人から向けられた純粋な悪意に、京極は慣れていない。
全身から血の気が引いていく感覚に、襲われる。
思考が追い付かない。
「思わせぶりな態度で僕みたいなしょぼい男を騙せて楽しかった?」
下田は静かに、静かに怒る。
怒っている、という事実だけが分かる京極は、次の手を打てない。
「騙してなんて、ないよ……」
京極はゆっくりと後退した。
下田が大きく、見えた。
「なんであんなことしたの?」
「君が勝手に誤解しただけだよ」
「あ~あ」
下田は大きく腕を振った。
「受験勉強…………受験勉強!!」
下田は近くの机を蹴り飛ばした。
「受験勉強だってあるんだぞ! 僕の受験、どうするつもりだよ!」
「それは勝手に君が……」
急に現実に引き戻された下田が、突然に激昂した。
京極は体を縮こまらせ、壁に背を向けた。
「ふざけんなよ……ブス」
下田はそう言い残し、廊下を早歩きで去って行った。
「はぁ、はぁ、はぁ……」
京極は暫くその場から動けなかった。
腰が抜けたかのように、ずるずるとへたりこむ。
少しして、赤石がやって来る。
「人間って、皆こんな感じで失恋してるんだなぁ」
赤石は京極に水を渡した。
「あぁ……赤石君、ありがとう……」
京極は力ない声で赤石に感謝する。
「なんでここに?」
京極はもらったペットボトルに口を付ける。
「なんでここに、って一組のすぐ近くの廊下なんだから当たり前だろ。下田がお前を追ってるの見たから、面白そうだな、と思ってつけてきた」
「面白くないよ、こんなの。見てたなら助けてよ……」
「嫌だよ、俺が恨まれそうだし。それに俺が介入したら下田のためにも、お前のためにもならない」
「僕は人生でこんな体験をあと何度もしないといけないの?」
「モテる限り続くんじゃないか?」
「モテないよ、僕は……」
ははは、と疲れたように笑う。
「確かに、ブス! って言われてたしな」
「うるさいよ」
京極は赤石の足にグーパンチをする。
「でも、助かったよ、赤石君。
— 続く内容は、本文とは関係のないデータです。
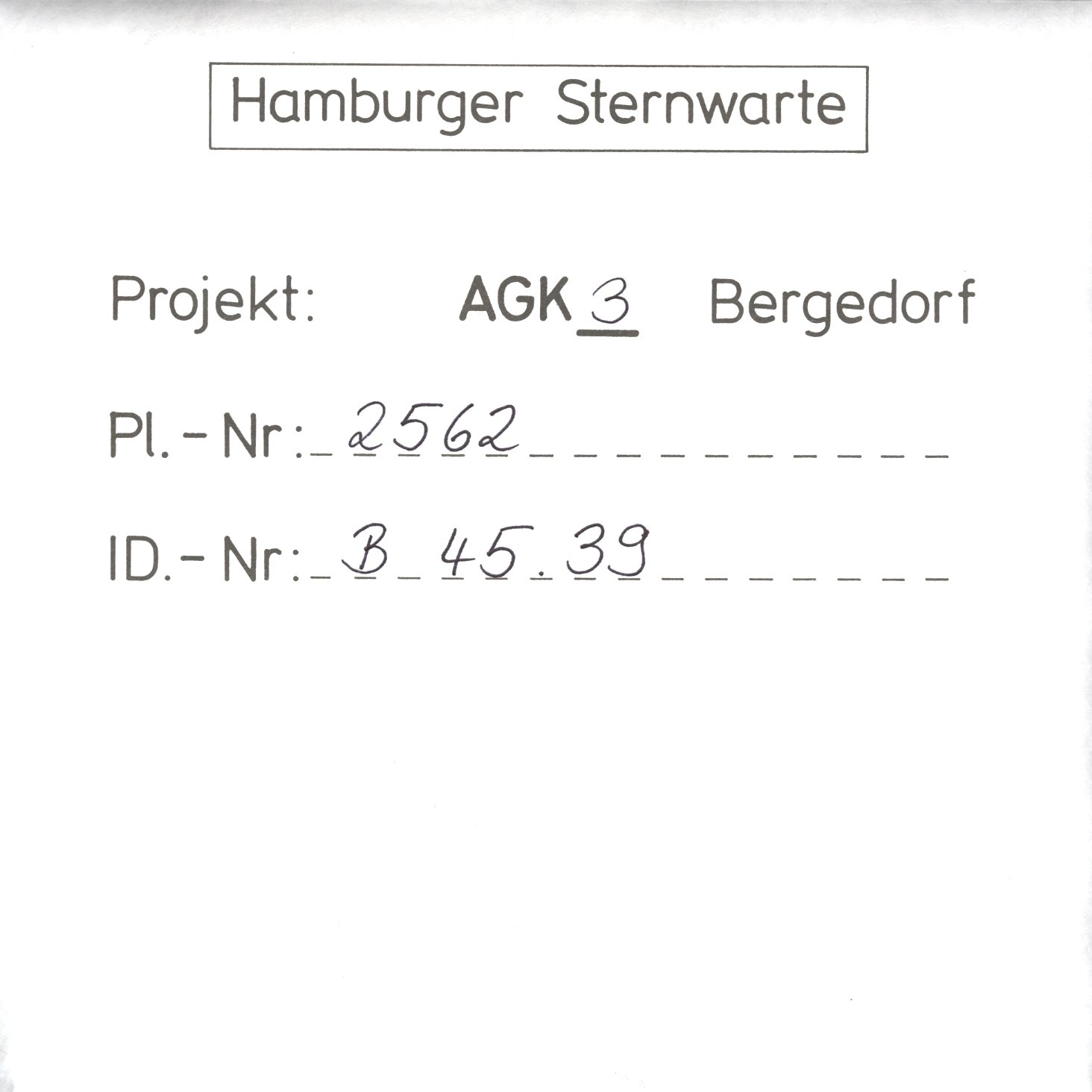 Plattenhuelle AG02562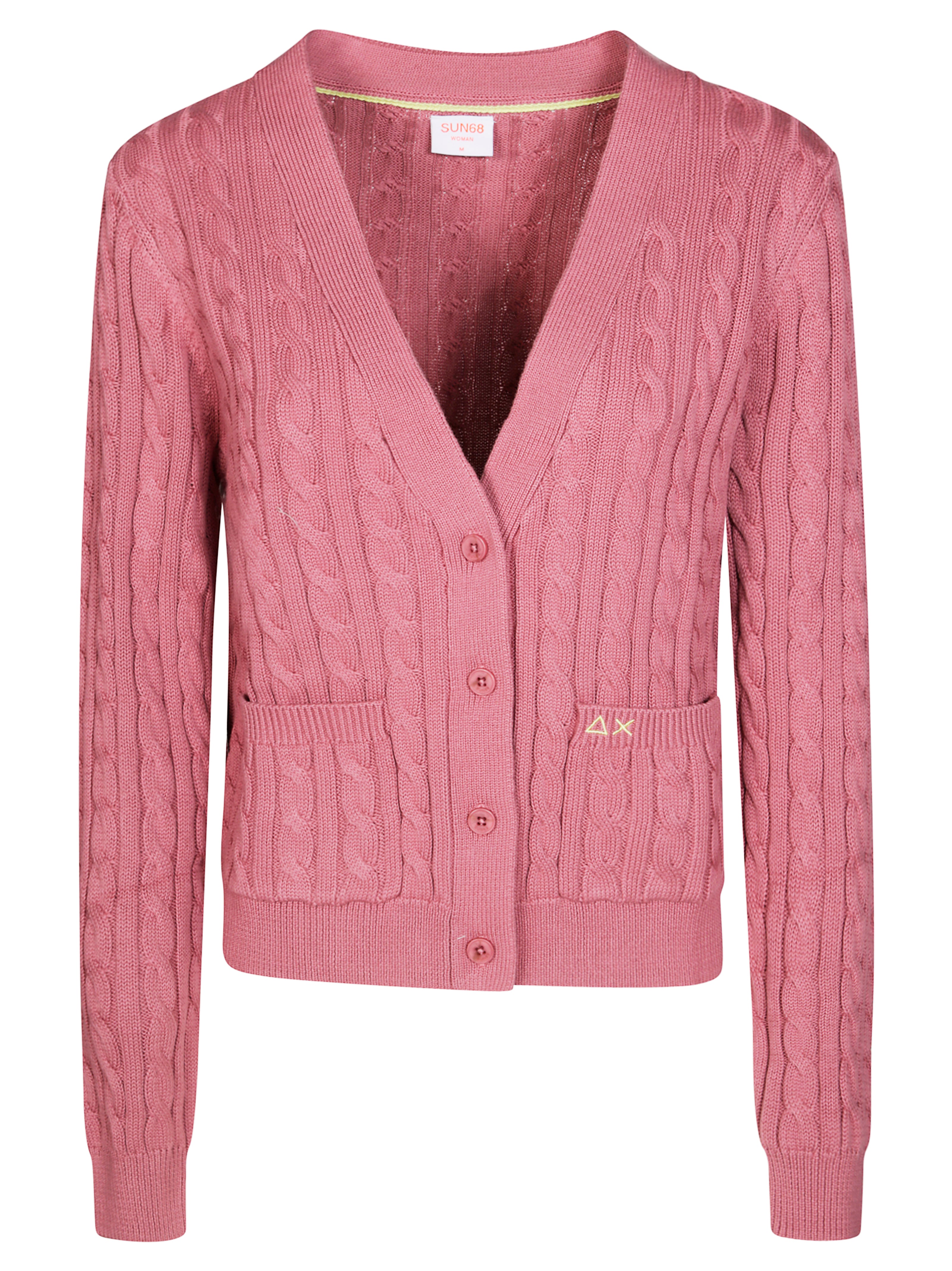 SUN 68 Cable Knit Cardigan for Men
ちょっと和んだ」
「俺もお前も、皆少しは下田を抱えてるのかもしれないな」
「赤石君はもっと駄目」
「悲しい」
京極は赤石の手を借り、立ち上がった。
「心に負担を感じても、近くに友人がいたらすごい支えになるんだね」
「メンタルクリニックみたいな教えだな」
京極は赤石の肩を借り、ゆっくりと立つ。
「うん、でも、ありがとう。うん。怖かったから。ちょっと助かった。うん。ありがとう、赤石君、どうでもいい話をしに来てくれて」
「失礼だな」
京極はにこ、と笑いかける。
「うん、本当に、ありがとう。ちょっと気が楽になった」
「次は上手くいくと良いな」
「うん……」
京極は寂しそうに笑う。
「勉強だね、日々」
「そうだな」
「……」
「……」
赤石も、水を飲んだ。
「美味しそうな水だね」
「お前が持ってるのと同じやつだよ」
赤石が水を持ち上げる。
「ちょうだい」
「俺にも飲ませてくれよ」
「あはは」
赤石と京極は下田が去った廊下を、見ていた。